Clover - Trifolium repens

Common Name: 
Clover
Family: 
Fabaceae
Genus: 
Trifolium
Species: 
repens

Clover or trefoil are common names for plants of the genus Trifolium (Latin, tres "three" + folium "leaf"), consisting of about 300 species of plants in the leguminous pea family Fabaceae. The genus has a cosmopolitan distribution; the highest diversity is found in the temperate Northern Hemisphere, but many species also occur in South America and Africa, including at high altitudes on mountains in the tropics. They are small annual, biennial, or short-lived perennial herbaceous plants. Clover can be evergreen. The leaves are trifoliate (rarely quatrefoiled, cinquefoil, or septfoil), with stipules adnate to the leaf-stalk, and heads or dense spikes of small red, purple, white, or yellow flowers; the small, few-seeded pods are enclosed in the calyx. Other closely related genera often called clovers include Melilotus (sweet clover) and Medicago (alfalfa or Calvary clover).

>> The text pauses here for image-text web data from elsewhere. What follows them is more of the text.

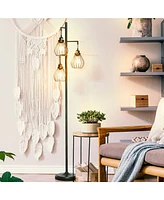 Teardrop 68" Led Floor Lamp with 3 Metal Shades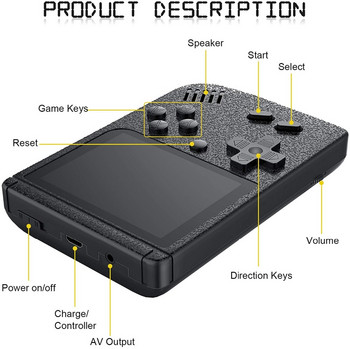 2022 Ретро ръчна мини преносима конзола за видеоигри Super Mary Handheld Player Machine Детски подарък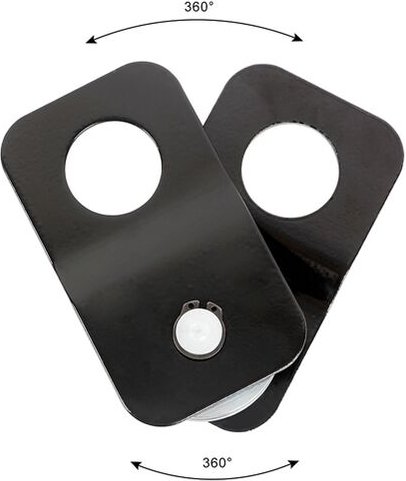 Umlenkrolle für Seilwinde Stahl Seilrolle Forstseilwinde für Seile 1-8 mm mit beweglichen Seitenteilen, Belastbarkeit 4t...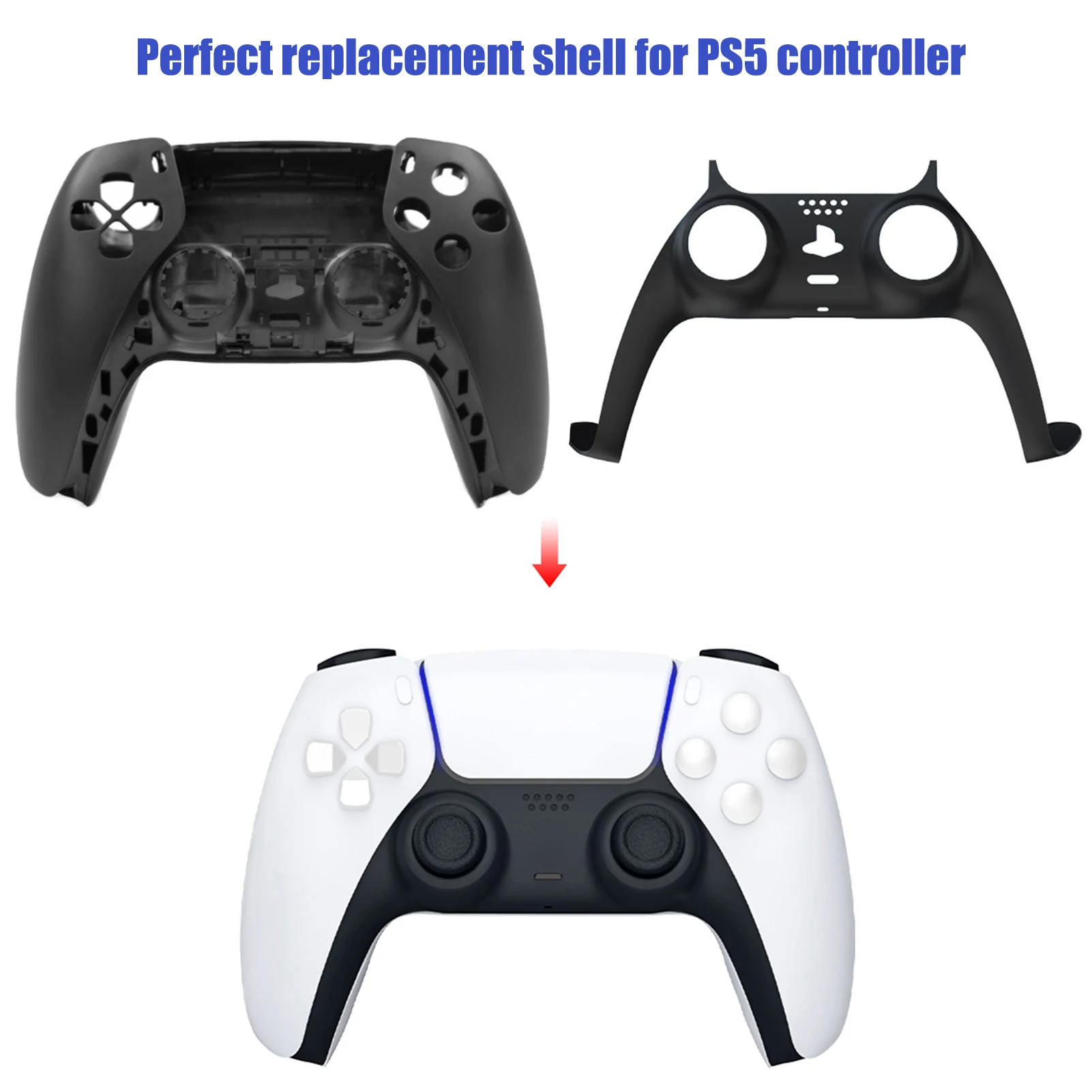 Par PS5 Anti-slip ABS DIY nomaiņa Segtu Ādas Sony PlayStation 5 Kontrolieris Gadījumā Īkšķis Stick Grip Klp DualSense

Trifolium repens, white or Dutch clover, is a perennial abundant in meadows and good pastures. The flowers are white or pinkish, becoming brown and deflexed as the corolla fades. Trifolium hybridum, alsike or Swedish clover, is a perennial which was introduced early in the 19th century and has now become naturalized in Britain. The flowers are white or rosy, and resemble those of the last species. Trifolium medium, meadow or zigzag clover, a perennial with straggling flexuous stems and rose-purple flowers, has potential for interbreeding with T. pratense to produce perennial crop plants.]

Other species are: Trifolium arvense, hare's-foot trefoil; found in fields and dry pastures, a soft hairy plant with minute white or pale pink flowers and feathery sepals; Trifolium fragiferum, strawberry clover, with globose, rose-purple heads and swollen calyxes; Trifolium campestre, hop trefoil, on dry pastures and roadsides, the heads of pale yellow flowers suggesting miniature hops; and the somewhat similar Trifolium dubium, common in pastures and roadsides, with smaller heads and small yellow flowers turning dark brown.